Sunlight exposure has many other benefits beyond vitamin D3 production, notably melatonin production. Early morning exposure to sunlight causes the pineal gland to produce melatonin earlier in the evening. Melatonin, which is only produced in darkness, helps you sleep, fight infection, lower inflammation, and defend against cancer and the potentially harmful effects of UV radiation on the skin.
Monitor Your Health
How are you feeling today? How are you feeling today compared to a week ago? You are the one person most responsible for your health, which means you need to regularly monitor your health. Here’s the problem: people get used to their symptoms. We can become so accustomed to our aches and pains that we fail to recognize them. It can take a conscious effort. However, more than 50% of people aged 65 or greater have an undetected disease or adverse health condition.
This is where regular screenings become so important. Regular blood tests, such as for your blood sugar levels and your HDL and LDL cholesterol levels and ratios, are increasingly important as we get older. Blood oxygen levels, which can be checked at home, are important to monitor as they relate to heart and lung function and may affect cancer risks. Because inflammation is such a killer, causing or contributing to so many health problems, regular thermographic screenings for chronic inflammation will help you address problems even before they produce noticeable health symptoms.
Blood tests and thermographic screenings, both, can also check for excessive estrogen, which along with inflammation is a major contributor to breast cancer.

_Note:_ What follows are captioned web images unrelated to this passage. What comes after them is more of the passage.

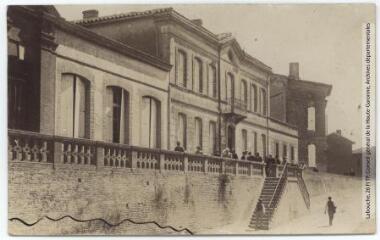 2 vues Nailloux Haute-Garonne : n° 5 : l'hôtel de ville / photographie Armengaud. - Toulouse : maison Labouche frères, [entre 1900 et 1940]. - Photographie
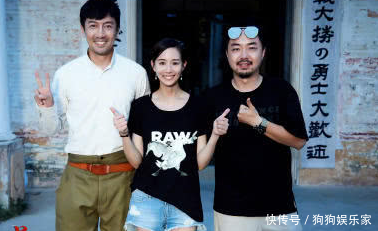 35岁张钧宁近照,眼角皱纹明显瘦的吓人,笑起来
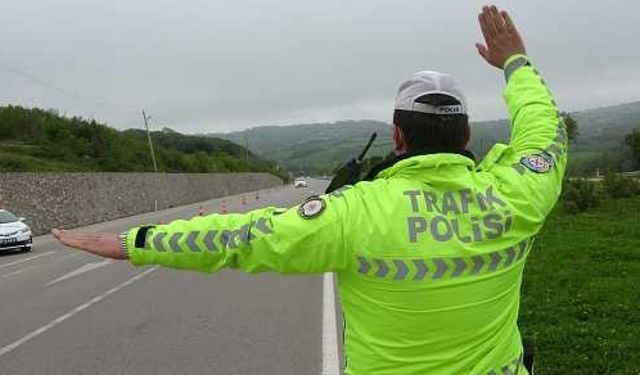 Trafikte yeni dönem! Artık bu hareketleri yapanlar yandı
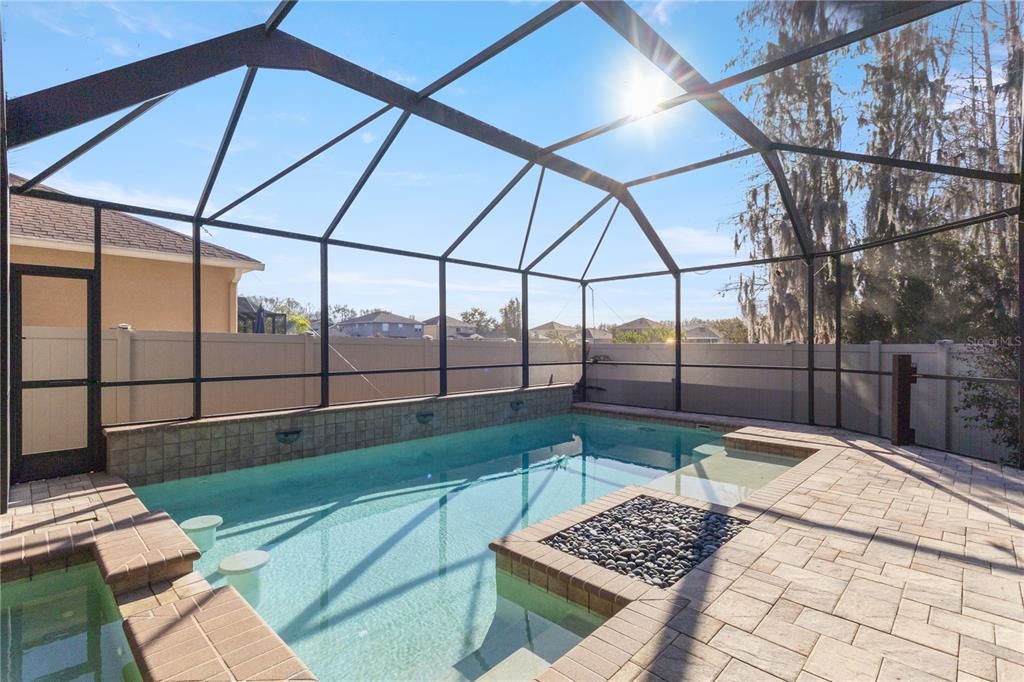 Active With Contract: $580,000 (4 beds, 2 baths, 2539 Square Feet)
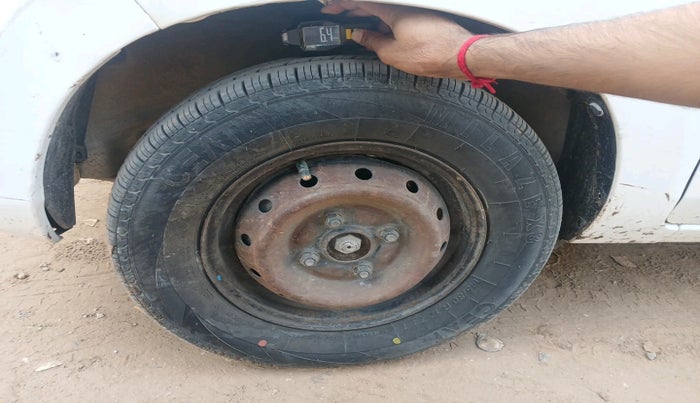 2015 Maruti Alto 800 LXI, Petrol, Manual, 1,13,876 km, tyre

In fact, other than the recommended comprehensive screenings, most of our clients come for thermal imaging screenings for breast cancer and prostate cancer.
As a side note regarding prostate cancer, PSA levels have questionable value: no PSA level indicates prostate cancer, and non-cancerous condition may also raise PSA levels.
Women and men, both, need to get estrogen and testosterone levels checked. Not only does estrogen contribute to weight gain in both sexes but also it increases the risk of cancer, particularly breast cancer in women. For men, it contributes to low testosterone levels. For all women, excessive testosterone may lead to insulin resistance, low levels of good cholesterol and high levels of bad cholesterol, high blood pressure, and obesity. For younger women, high testosterone levels may also result in acne and menstrual irregularity.
Blood pressure checks are important, particularly as they relate to salt intake. As people age, their ability to taste may decrease, and they compensate by adding more and more salt to their food. This can raise blood pressure because the body needs more water in the blood stream to “wash out” the excess salt.
The Bottom Line
Here’s the bottom line: be aware of yourself, how you feel, and how you act. These suggestions are only a part of maintaining health. They are easy to do, but they are often overlooked. When you approach your health consciously, you help your body do what it is designed to do: be healthy.